Task directions: Everything from the line that contains "REMAX Watch 10" through the last line below should be transcribed exactly, except the pictures.

*** Data shown ***

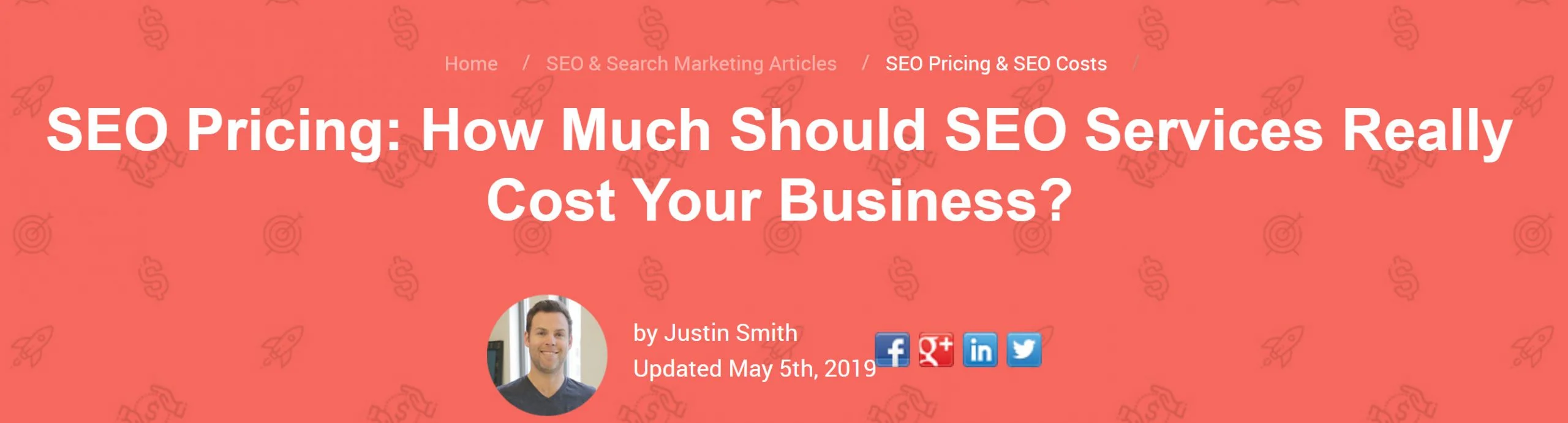 SEO Pricing article H1 example showing a clear page headline
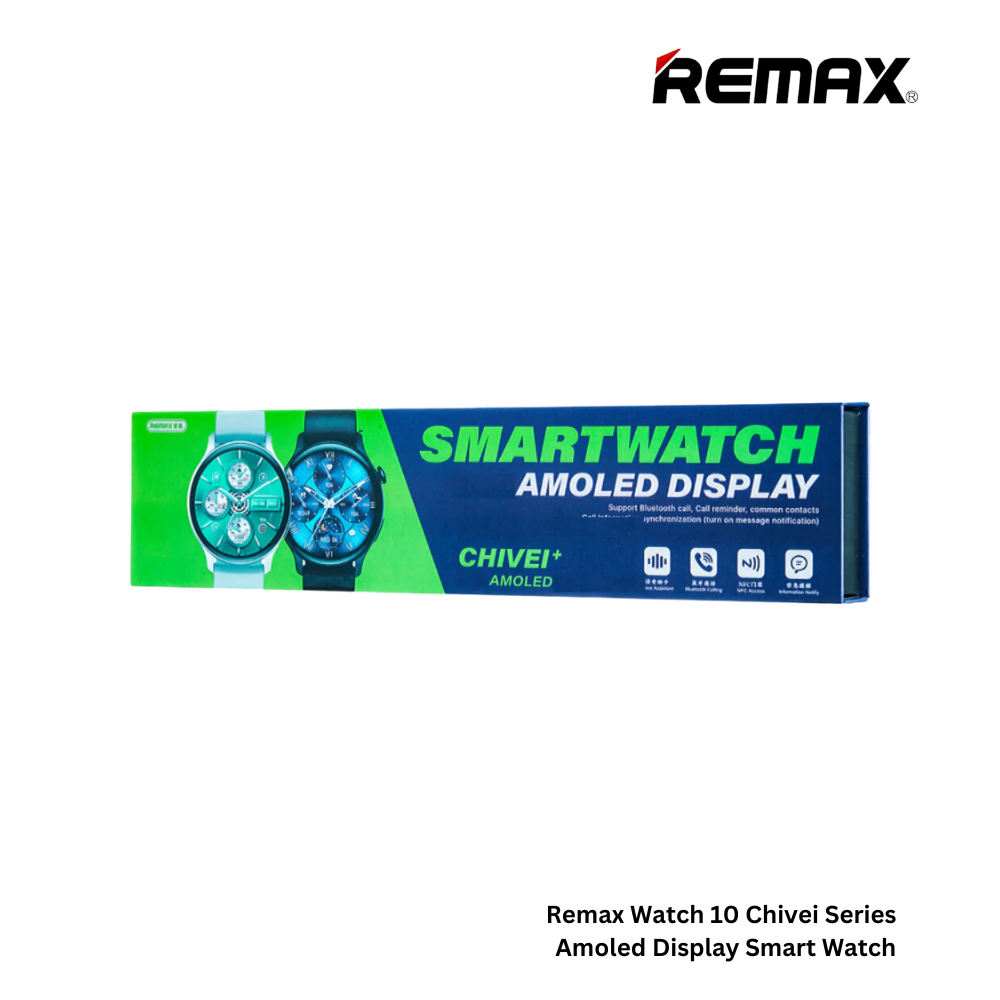 REMAX Watch 10 Chivei Series Amoled Display Smart Watch - Black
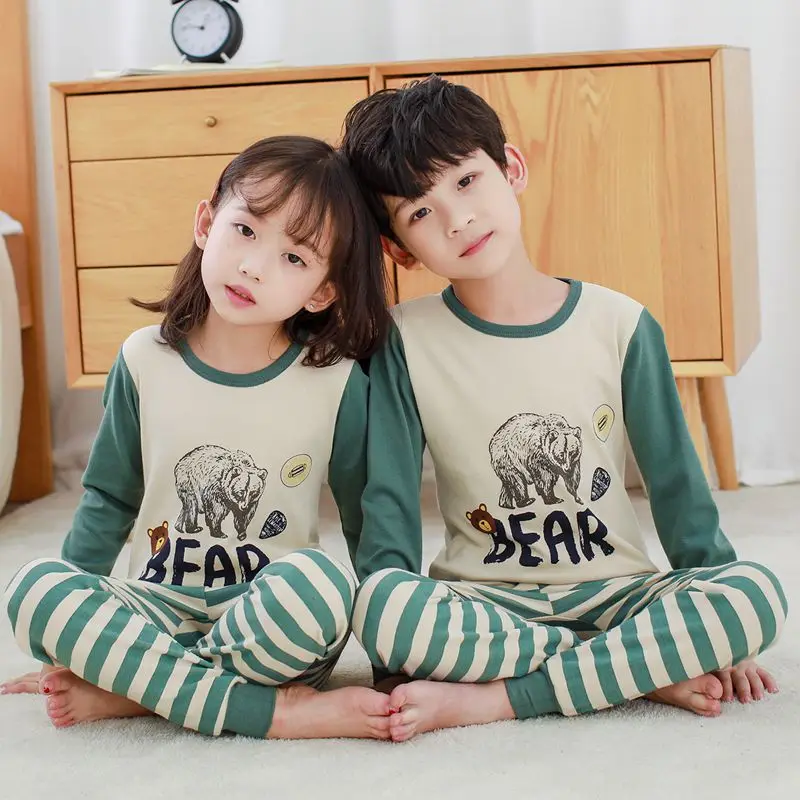 Cotton Pajamas For Children Long Sleeve Panda Suit Cartoon Kids Clothes Suits Baby Pyjamas Top+Pant Pijamas Sleepwear | Мать и ребенок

***

Answer below:
 REMAX Watch 10 Chivei Series Amoled Display Smart Watch - Black
 Cotton Pajamas For Children Long Sleeve Panda Suit Cartoon Kids Clothes Suits Baby Pyjamas Top+Pant Pijamas Sleepwear | Мать и ребенок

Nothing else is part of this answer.